Лето 1903 года. Петербуржцы-службисты, отправившие свои семейства далеко на дачу и «принужденные» сами жить в Петербурге, возмущаются дороговизной жизни вообще, а обедов в особенности.
- Просто возмутительно, - говорит журналисту «Петербургского листка» один службист, - я положительно не предполагал, чтобы так дорого стоило мое существование. Знаете, жена увезла кухарку на дачу, и я волей-неволей должен обходиться без прислуги. Таким образом, я плачу швейцару 3 рубля в месяц за то, что он чистит мне сапоги и платье.
Утром я отправляюсь в кондитерскую, пью чай, ем булочку и в результате с «начаем» выходит из кармана четвертачок. В месяц это составит уже семь рублей с полтиной. Из экономии, я, не завтракая, а в пять часов иду обедать. Обед рубль, рюмка-другая водки, закуска, бутылка пива, на чай лакею и швейцару – в общем никогда не обойдутся меньше двух рублей.
Итого семьдесят рублей мне стоит самое необходимое. А ведь вечером хочется подышать свежим воздухом, посмотреть людей и так далее.
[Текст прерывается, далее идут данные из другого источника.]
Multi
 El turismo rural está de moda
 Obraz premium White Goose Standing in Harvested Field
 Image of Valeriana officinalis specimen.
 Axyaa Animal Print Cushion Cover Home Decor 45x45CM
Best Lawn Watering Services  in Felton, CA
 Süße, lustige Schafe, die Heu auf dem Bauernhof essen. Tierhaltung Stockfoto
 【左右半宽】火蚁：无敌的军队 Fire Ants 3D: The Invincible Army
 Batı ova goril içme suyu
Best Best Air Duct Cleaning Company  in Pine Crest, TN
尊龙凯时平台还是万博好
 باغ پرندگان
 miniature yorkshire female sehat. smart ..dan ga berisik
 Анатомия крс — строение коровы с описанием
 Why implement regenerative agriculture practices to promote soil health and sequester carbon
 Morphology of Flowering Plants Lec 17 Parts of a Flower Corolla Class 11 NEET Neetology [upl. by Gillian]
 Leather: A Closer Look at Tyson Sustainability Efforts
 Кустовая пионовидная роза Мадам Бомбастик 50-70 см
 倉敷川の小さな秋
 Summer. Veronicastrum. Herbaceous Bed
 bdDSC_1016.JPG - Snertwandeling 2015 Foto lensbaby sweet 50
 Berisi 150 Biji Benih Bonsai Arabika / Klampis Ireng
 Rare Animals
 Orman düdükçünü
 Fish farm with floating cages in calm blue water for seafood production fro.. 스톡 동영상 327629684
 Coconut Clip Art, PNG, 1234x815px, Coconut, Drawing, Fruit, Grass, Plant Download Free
Знаете, сколько этот воздух стоит? Отнюдь не меньше десяти рублей в вечер. Посчитайте, батюшка, все и вы поймете, моя жена, уезжая, совершенно напрасно толковала мне об экономии.
По этому поводу журналист приводит слышанный им на днях разговор двух плотников, и он иронизирует:
- А мы нашу артельную матку прогнали, - говорит один.
- Что так? – спросил второй.
- Да на неё, прорву, не напасешься. Давали ей за обед и ужин по семи копеек с человека, так ей, вишь, мало – гривенник запросила. Ну, и прогнали. Любая за семь копеек по-господски кормить будет.
(Вот опять со своей колокольни смотрит корреспондент. Для некоторого плотника – 2 с половиной копейки в день дороже, чем для барина два с полтиной рубля.)